Como triste exemplo dessa quebra dos limites entre informação e espetacularização da violência, Edson relembrou o caso de Eloá, em 2008, em que a cobertura midiática acabou por interferir na condução de um dos mais longos sequestros em cárcere privado assistidos (literalmente) pelo Brasil.
Câmara dos Deputados tem projeto de lei sobre assunto
O compartilhamento de imagens que desprezem o cadáver ou parte dele virou assunto de projeto de lei aprovado em abril de 2018 pela Comissão de Constituição e Justiça da Câmara dos Deputados.
O documento prevê " detenção de um a três anos e multa para quem reproduz, em qualquer meio de comunicação, imagens ou cenas aviltantes de cadáver ou parte dele. A pena é aumentada em um terço se o responsável pela divulgação tiver acesso às imagens por meio de sua profissão", explicou a Câmara dos Deputados.
O relator da Comissão, o deputado Fausto Pinato mencionou na época o caso do sertanejo Cristiano Araújo como um dos motivos para que fossem endurecidas as leis sobre o tema.
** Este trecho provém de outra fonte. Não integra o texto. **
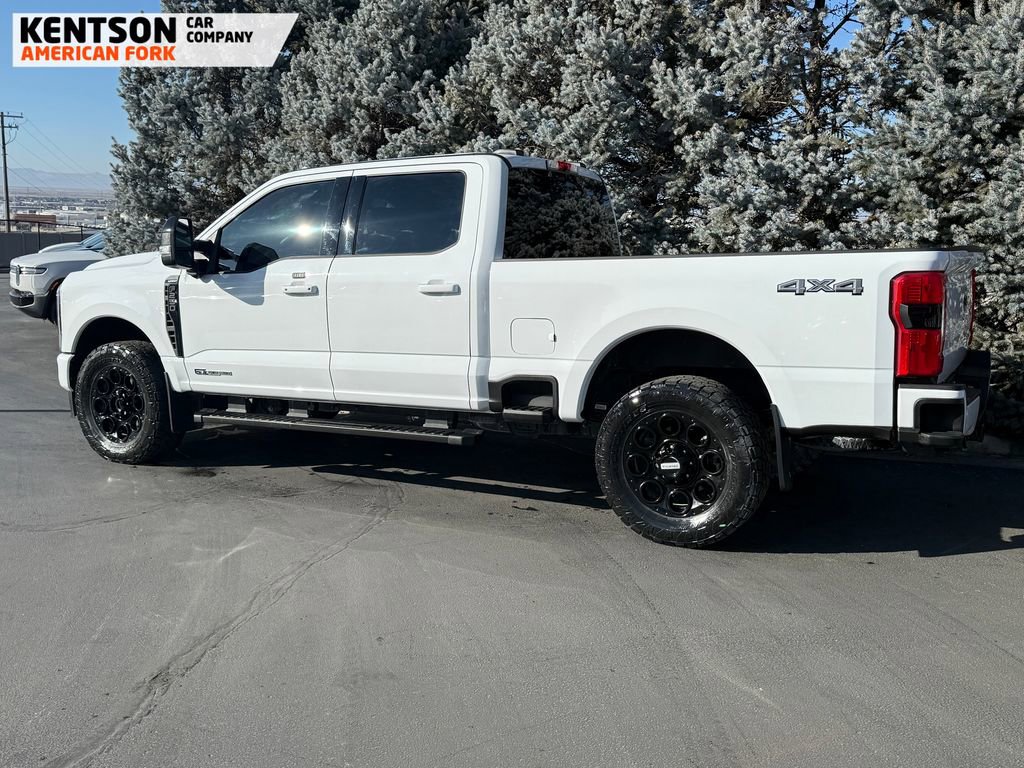 Used 2025 Ford F250 Lariat w/ Black Appearance Package image 5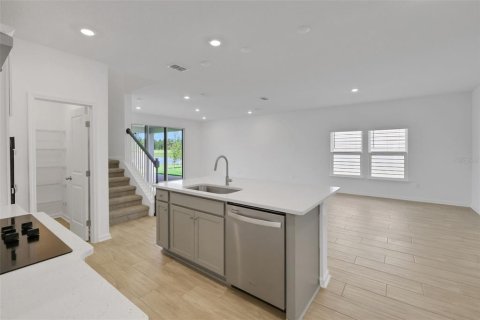 Casa en venta en Palm Coast, Florida, 5 dormitorios, 212.65 m2 № 2107373 - foto 15
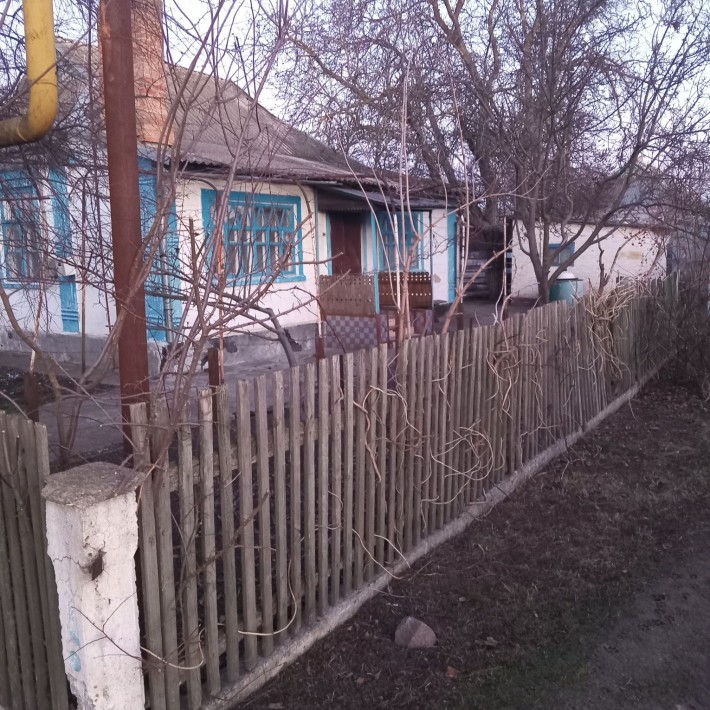 Продам житловий будинок у тихому і зручному районі - фото 1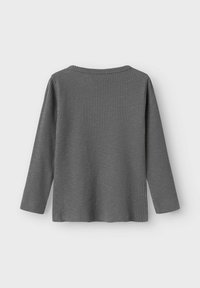 Grå långärmad topp med ribbad textur, rund halsringning och avslappnad passform. Enkel design utan dekorationer eller mönster.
Isso porque, após a morte do cantor, em 2015, fotos e vídeos de seu corpo sendo preparado para o velório vazaram. Dois funcionários da clínica responsável por preparar o corpo do cantor para o velório foram demitidos e indiciados pela polícia devido ao vazamento das imagens. O Google, por meio de ação judicial, foi obrigado a tirar as imagens da rede.